*** Begin section ***
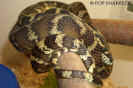 harrisonim01.jpg (58624 Byte)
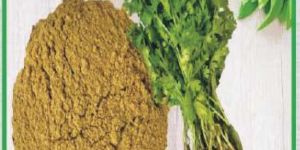 Fresh Coriander Powder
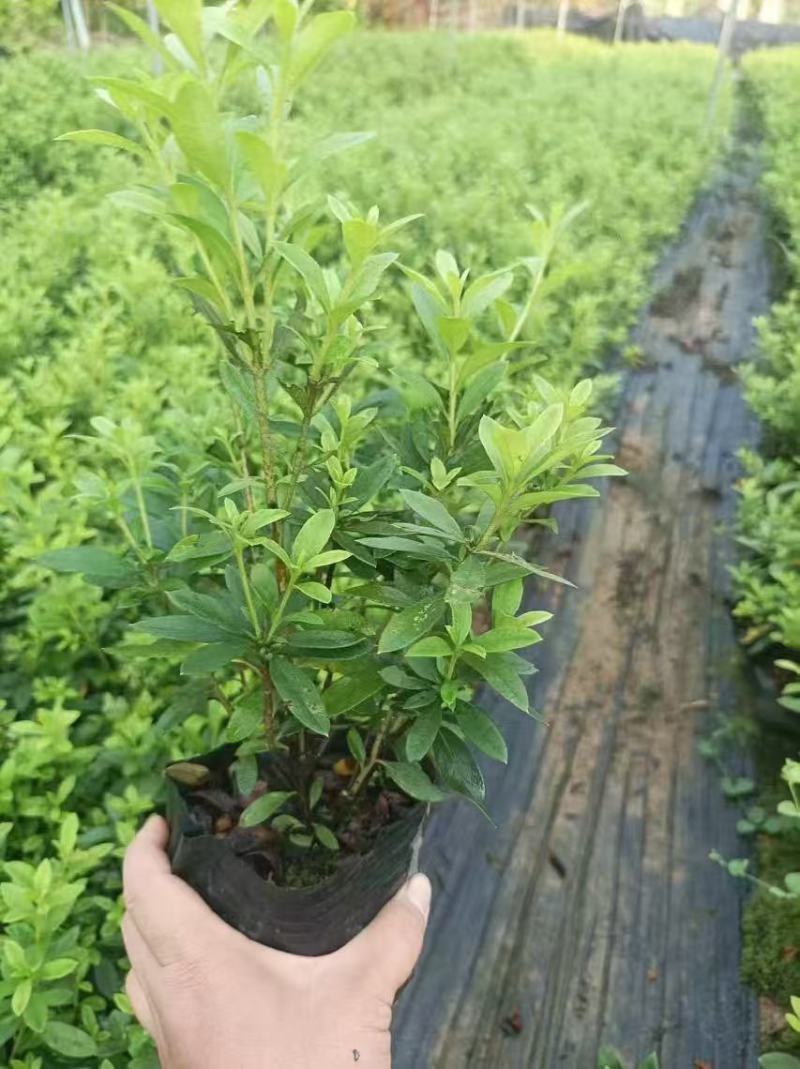 毛杜鹃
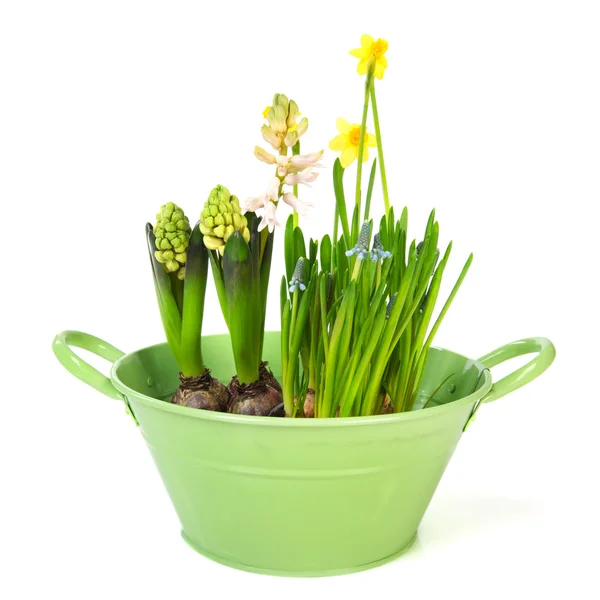 Frühlingsblumen Grünem Eimer Isoliert Über Weißem — Stockfoto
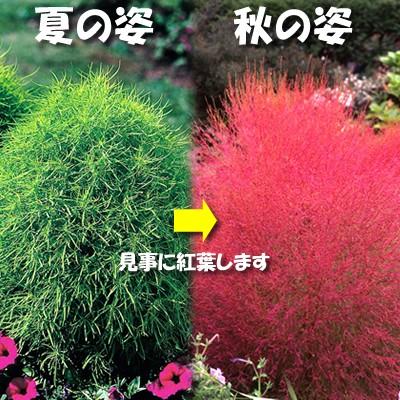 コキア ほうき草 ２株セット イングリッシュガーデン 苗 花 N Kochia 2p イングの森 花 苗 育て方 通販 Yahoo ショッピング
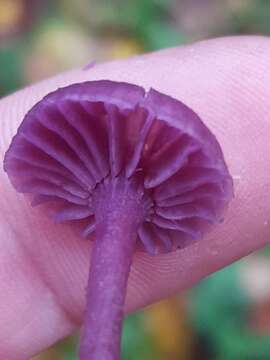 Image of Laccaria amethystina Cooke 1884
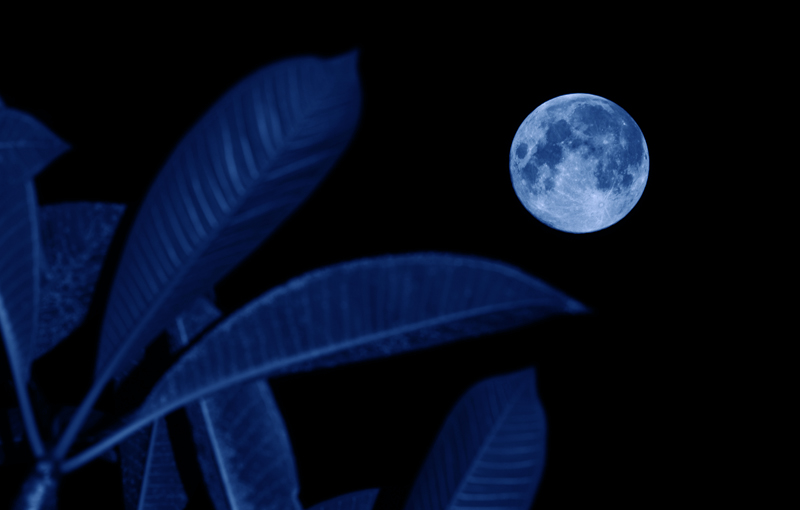 深圳中秋夜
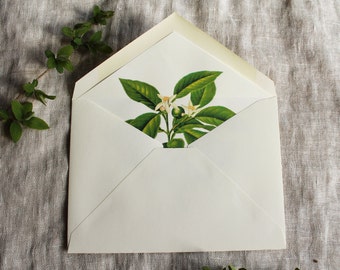 Lemon Blossom Envelope Liners | Botanical Envelope Liners a7 | Floral Lined Envelopes a2 | Spring Wedding Invitation Envelope Liners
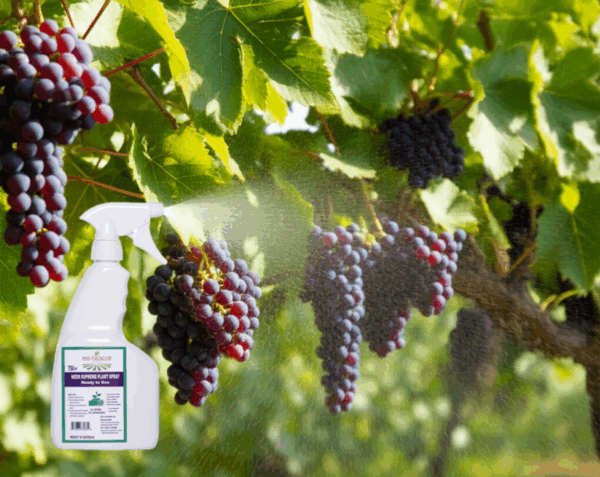 eco-balance Supreme Plant Spray 750ml - Image 4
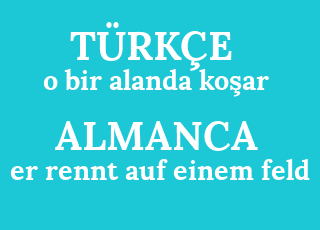 o+bir+område+ko%C5%9Far-er+rennt+auf+einem+feld.png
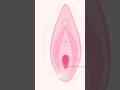 What S The TRUTH About Hymens And Virginity 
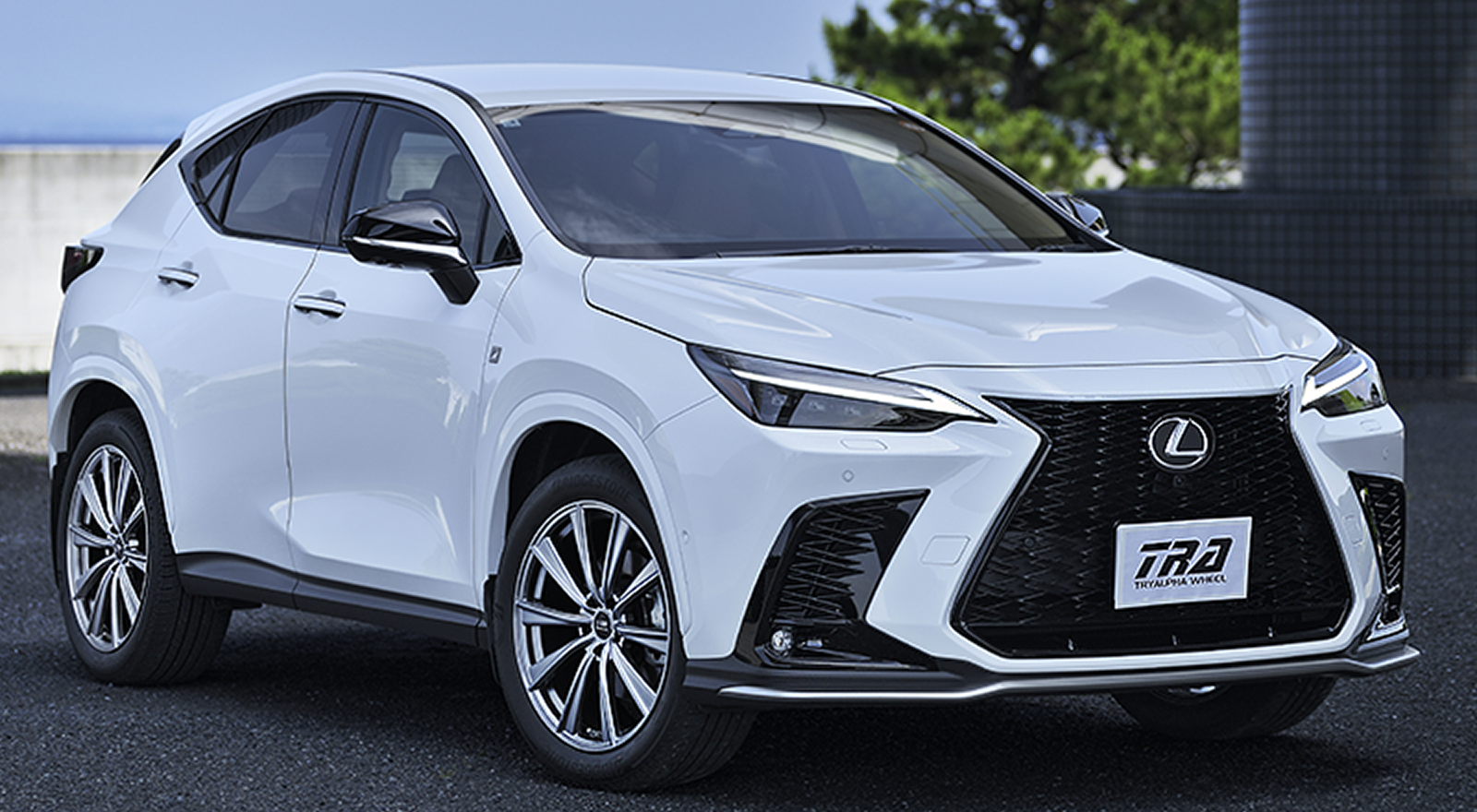 その他 leonoah ウェッズ レオニス SK 19インチ - アルファード 30系 DBA-AGH30W(30系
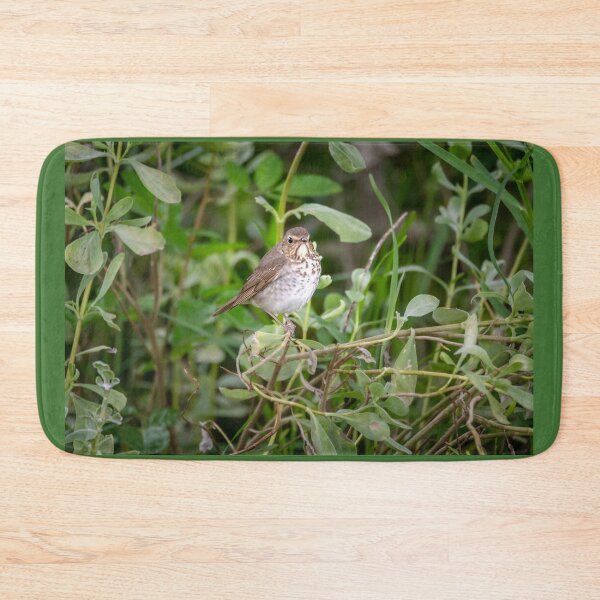 Item preview, Swainson's Thrush designed and sold by Debra Martz.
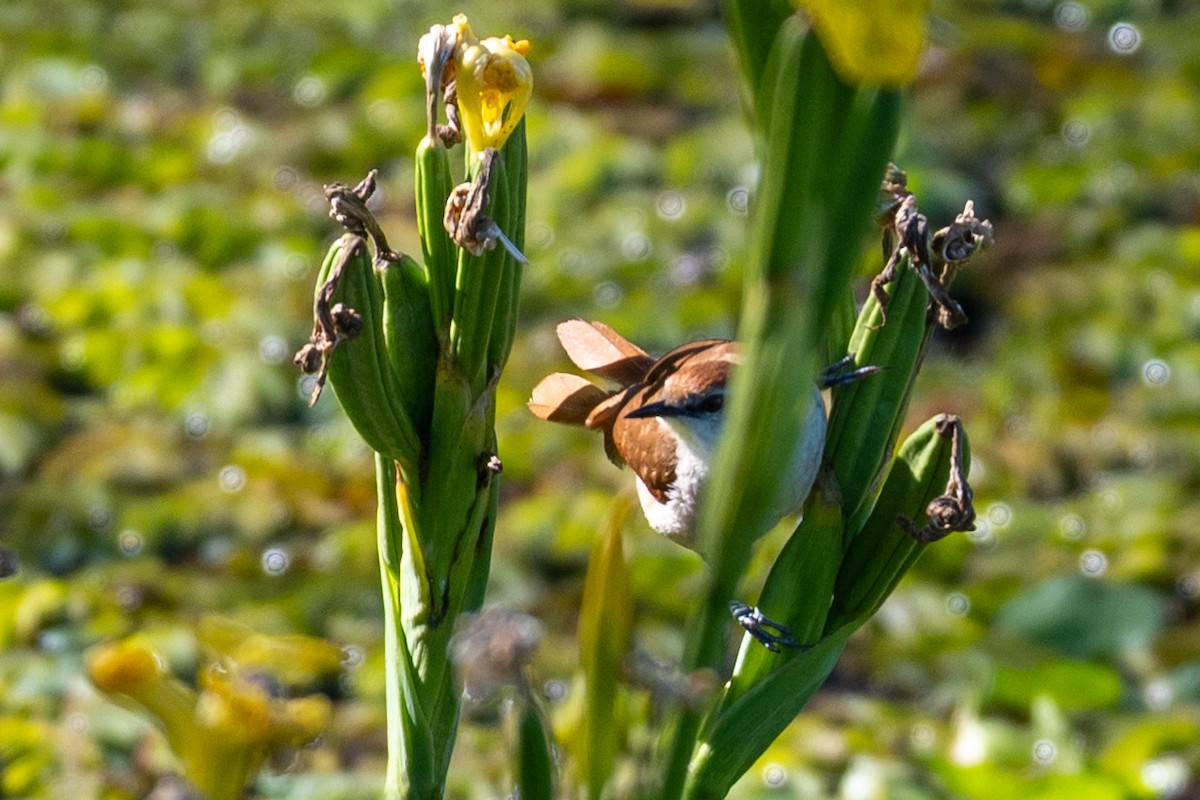Yellow-chinned Spinetail - ML643506172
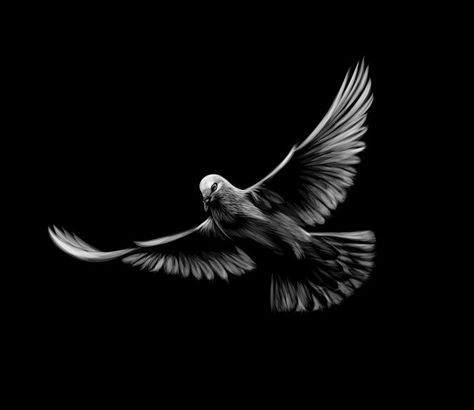 Flying white dove on a black background.... | Premium Vector #Freepik #vector #background #wedding #abstract #love Flying Bird Silhouette, Dove Tattoo Design, Dove Tattoos, Heaven Tattoos, Dove Pictures, Dove Tattoo, Bird Logo Design, White Dove, Bird Silhouette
*** End section ***
■ Task brief
Exactly the lines starting at the one above with "Fresh Coriander Powder" and ending at the one with "What S The TRUTH About Hymens And Virginity" should be printed, and nothing else. Omit the pictures.

■ Output below
 Fresh Coriander Powder
 毛杜鹃
 Frühlingsblumen Grünem Eimer Isoliert Über Weißem — Stockfoto
 コキア ほうき草 ２株セット イングリッシュガーデン 苗 花 N Kochia 2p イングの森 花 苗 育て方 通販 Yahoo ショッピング
 Image of Laccaria amethystina Cooke 1884
 深圳中秋夜
 Lemon Blossom Envelope Liners | Botanical Envelope Liners a7 | Floral Lined Envelopes a2 | Spring Wedding Invitation Envelope Liners
 eco-balance Supreme Plant Spray 750ml - Image 4
 o+bir+område+ko%C5%9Far-er+rennt+auf+einem+feld.png
 What S The TRUTH About Hymens And Virginity 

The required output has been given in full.